◆ **ABOUT THIS EXERCISE**
Go to the line holding "پیراهن آستین بلند مردانه ام کی مدل 1878" in the data below and repeat it exactly, then each line after it up to and including the one holding "足力健老人鞋中老年春秋季软底散步送妈妈轻便休闲鞋25111003J 紫-女 35 实拍图". Omit pictures.

◆ **DATA SECTION**

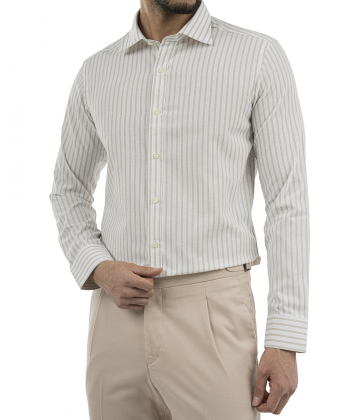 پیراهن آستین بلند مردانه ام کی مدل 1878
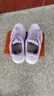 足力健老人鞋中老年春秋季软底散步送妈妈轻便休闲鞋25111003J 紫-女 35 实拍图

* * *

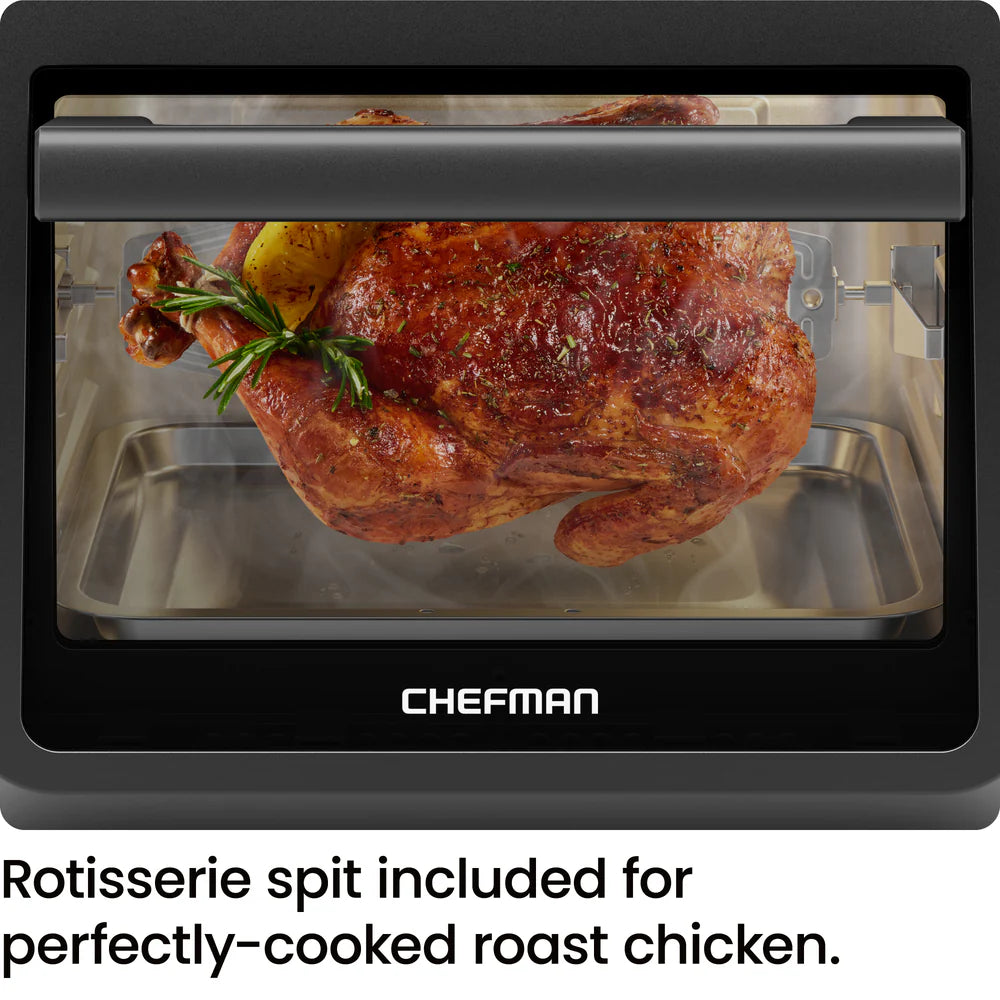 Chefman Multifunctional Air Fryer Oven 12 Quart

--

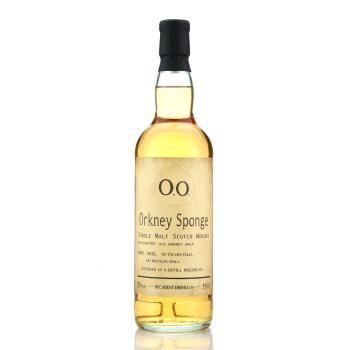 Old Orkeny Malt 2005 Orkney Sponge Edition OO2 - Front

◆ **EXERCISE OUTPUT**
 پیراهن آستین بلند مردانه ام کی مدل 1878
 足力健老人鞋中老年春秋季软底散步送妈妈轻便休闲鞋25111003J 紫-女 35 实拍图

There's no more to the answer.